Welcome to Hyperscan!

Welcome to Hyperscan!

Welcome to the Hyperscan blog! We’re happy to be able to share the work that we’re doing on Hyperscan with the world – as of October 19, 2015 Hyperscan 4.0 becomes an Open Source product released under the 3-clause BSD license. Hyperscan is a software-based regular expression matching library, supporting large-scale, high-performance, streaming regular expression matching on Intel Architecture.

Hyperscan has seen success in the Networks IPS/IDS (Intrusion Prevention/Detection System), application identification, and Next Generation Firewall spaces but can be used anywhere that requires Hyperscan’s strengths:

  1. Multiple pattern matching: Hyperscan can match from 1 to tens of thousands of regular expressions or fixed strings. Performance scales with pattern set size and pattern complexity.
  2. Streaming pattern matching: Hyperscan can be used in streaming mode, where patterns can be matched across any number of ‘stream writes’ with any amount of data, while holding only a fixed amount of stream state data.

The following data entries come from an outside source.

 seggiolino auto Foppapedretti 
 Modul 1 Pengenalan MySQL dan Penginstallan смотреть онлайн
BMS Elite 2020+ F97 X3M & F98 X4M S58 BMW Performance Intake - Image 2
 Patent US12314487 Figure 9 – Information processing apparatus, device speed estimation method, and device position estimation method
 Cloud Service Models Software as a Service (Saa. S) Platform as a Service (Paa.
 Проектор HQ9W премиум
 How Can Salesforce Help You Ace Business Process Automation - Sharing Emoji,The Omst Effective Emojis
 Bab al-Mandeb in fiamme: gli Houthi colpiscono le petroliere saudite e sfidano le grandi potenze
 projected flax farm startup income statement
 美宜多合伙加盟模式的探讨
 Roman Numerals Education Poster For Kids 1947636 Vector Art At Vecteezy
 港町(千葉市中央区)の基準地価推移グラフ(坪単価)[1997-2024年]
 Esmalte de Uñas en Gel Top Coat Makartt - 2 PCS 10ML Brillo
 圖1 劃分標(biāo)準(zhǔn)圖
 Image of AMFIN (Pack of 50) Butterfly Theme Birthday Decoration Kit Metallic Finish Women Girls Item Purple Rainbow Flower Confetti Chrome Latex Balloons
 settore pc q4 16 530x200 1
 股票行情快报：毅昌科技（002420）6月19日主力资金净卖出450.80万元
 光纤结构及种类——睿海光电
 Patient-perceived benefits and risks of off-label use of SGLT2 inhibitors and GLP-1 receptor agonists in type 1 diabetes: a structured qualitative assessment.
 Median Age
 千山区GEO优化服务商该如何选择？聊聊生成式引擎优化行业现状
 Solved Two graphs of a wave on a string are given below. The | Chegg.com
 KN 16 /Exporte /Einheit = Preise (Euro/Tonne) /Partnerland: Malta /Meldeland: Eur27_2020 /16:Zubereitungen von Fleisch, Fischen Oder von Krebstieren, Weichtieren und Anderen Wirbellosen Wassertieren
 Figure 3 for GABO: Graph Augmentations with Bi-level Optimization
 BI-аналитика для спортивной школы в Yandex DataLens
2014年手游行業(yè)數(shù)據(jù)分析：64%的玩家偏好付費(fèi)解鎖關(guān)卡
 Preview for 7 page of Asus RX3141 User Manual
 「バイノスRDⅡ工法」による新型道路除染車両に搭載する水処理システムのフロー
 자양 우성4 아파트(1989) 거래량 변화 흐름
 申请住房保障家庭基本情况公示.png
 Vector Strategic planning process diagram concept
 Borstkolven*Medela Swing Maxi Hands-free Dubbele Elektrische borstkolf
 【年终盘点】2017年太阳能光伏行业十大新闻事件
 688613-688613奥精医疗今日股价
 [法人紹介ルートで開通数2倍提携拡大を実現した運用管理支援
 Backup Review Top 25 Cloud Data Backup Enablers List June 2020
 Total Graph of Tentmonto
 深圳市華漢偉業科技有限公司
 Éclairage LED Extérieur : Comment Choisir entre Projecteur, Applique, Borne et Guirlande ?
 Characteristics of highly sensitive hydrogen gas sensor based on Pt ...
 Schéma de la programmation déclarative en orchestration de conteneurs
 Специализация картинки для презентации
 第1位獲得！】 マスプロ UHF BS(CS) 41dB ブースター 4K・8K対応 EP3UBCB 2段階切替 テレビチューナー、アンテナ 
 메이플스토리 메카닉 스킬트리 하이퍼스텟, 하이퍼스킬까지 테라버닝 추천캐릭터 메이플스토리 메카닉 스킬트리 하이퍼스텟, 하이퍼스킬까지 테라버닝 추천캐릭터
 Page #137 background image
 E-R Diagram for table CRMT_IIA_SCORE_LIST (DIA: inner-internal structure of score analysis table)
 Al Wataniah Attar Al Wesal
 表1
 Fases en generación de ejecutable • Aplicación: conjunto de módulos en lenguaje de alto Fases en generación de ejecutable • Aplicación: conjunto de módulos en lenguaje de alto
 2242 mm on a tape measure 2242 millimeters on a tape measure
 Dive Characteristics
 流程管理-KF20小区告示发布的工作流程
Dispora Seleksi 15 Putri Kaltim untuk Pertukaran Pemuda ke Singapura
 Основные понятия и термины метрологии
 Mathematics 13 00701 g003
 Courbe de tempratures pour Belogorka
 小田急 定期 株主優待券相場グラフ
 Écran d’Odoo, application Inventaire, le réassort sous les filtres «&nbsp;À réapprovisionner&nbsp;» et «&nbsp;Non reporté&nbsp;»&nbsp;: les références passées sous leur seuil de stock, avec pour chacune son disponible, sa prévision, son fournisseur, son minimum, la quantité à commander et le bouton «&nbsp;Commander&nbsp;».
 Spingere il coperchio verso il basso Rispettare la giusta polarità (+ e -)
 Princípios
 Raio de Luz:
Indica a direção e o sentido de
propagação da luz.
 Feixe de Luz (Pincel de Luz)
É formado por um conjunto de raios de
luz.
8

The amount of stream state data is dependent on the patterns but is fixed at pattern compile time.
  3. High-performance: generally Hyperscan is faster than alternative systems.

These strengths come with some gotchas, and some applications won’t find Hyperscan suitable right away (or perhaps at all):

  1. If you only want to use your pattern once on a small amount of data, the cost of the Hyperscan build might be too expensive to justify using Hyperscan.
  2. If you need features (e.g. sub-expression capture) or pattern constructs (e.g. back-references or arbitrary look around asserts) you may not be able to use Hyperscan (although we do have a pre-filter mode that can optimize some cases).

In the near future, we will be discussing in detail our implementation strategies in this blog. For now, regular expression aficionados should consider Hyperscan an “automata-based” regular expression matcher similar to Thompson’s NFA-based matcher, the tre project and Google’s RE2 (along with many others) as opposed to a “backtracking” matcher such as libpcre. Our implementation creates multiple communicating automata engines, including literal match, NFA, DFA and custom engines.

We use libpcre as a source of syntax and semantics, although our semantics as an “all matches” automata-based matcher mandates some differences to libpcre.

We’re releasing the full source code for the Hyperscan library with Hyperscan 4.0. We hope that some of our internal testing and QA tools can be released with subsequent releases – watch this space. We will maintain our traditional release cadence (around a release per quarter) with tested and supported releases and make finer-grain updates to the community source code repository as work is completed here at Intel.

We’re looking forward to sharing our knowledge about implementation of regular expressions and tuning for Intel Architecture, working with the community to both improve Hyperscan, and helping with integration of Hyperscan into other projects.

See you on the mailing list!

Geoff Langdale, Principal Engineer, Intel Corporation